■ Exercise details ■
Where the line containing "No Page Found - Labmonk" appears in the entries below, begin there and output every line through the last, exactly, minus the pictures.

■ Source records ■

++++++

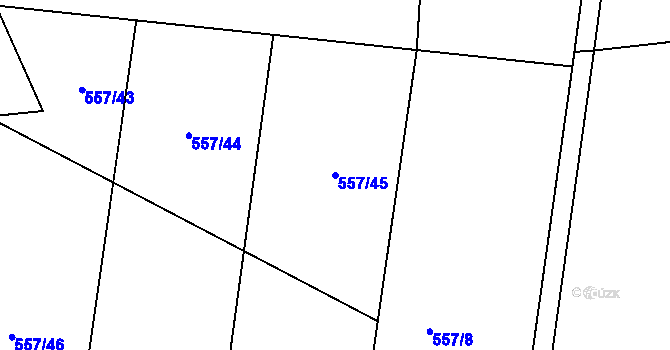 Parcela st. 557/45 v KÚ Nesvačily u Bystřice, Katastrální mapa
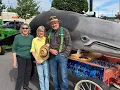 A Whale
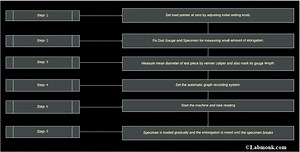 No Page Found - Labmonk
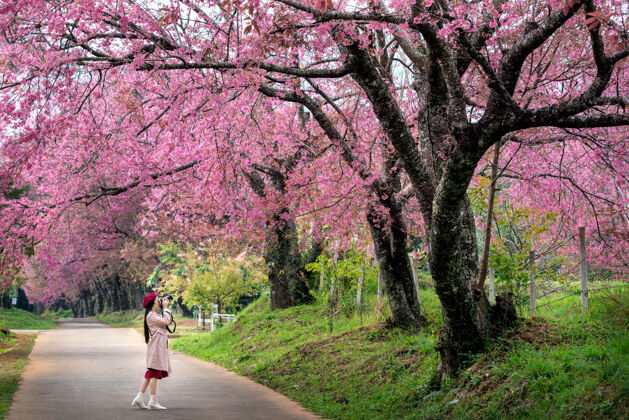 年轻游客在春天的粉红樱花上拍照留念季节树泰国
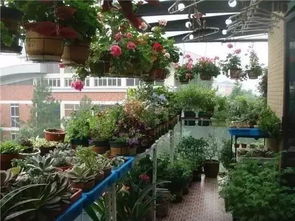 阳台花园风水禁忌,阳台花园景观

++++++

■ Exercise result ■
 No Page Found - Labmonk
 年轻游客在春天的粉红樱花上拍照留念季节树泰国
 阳台花园风水禁忌,阳台花园景观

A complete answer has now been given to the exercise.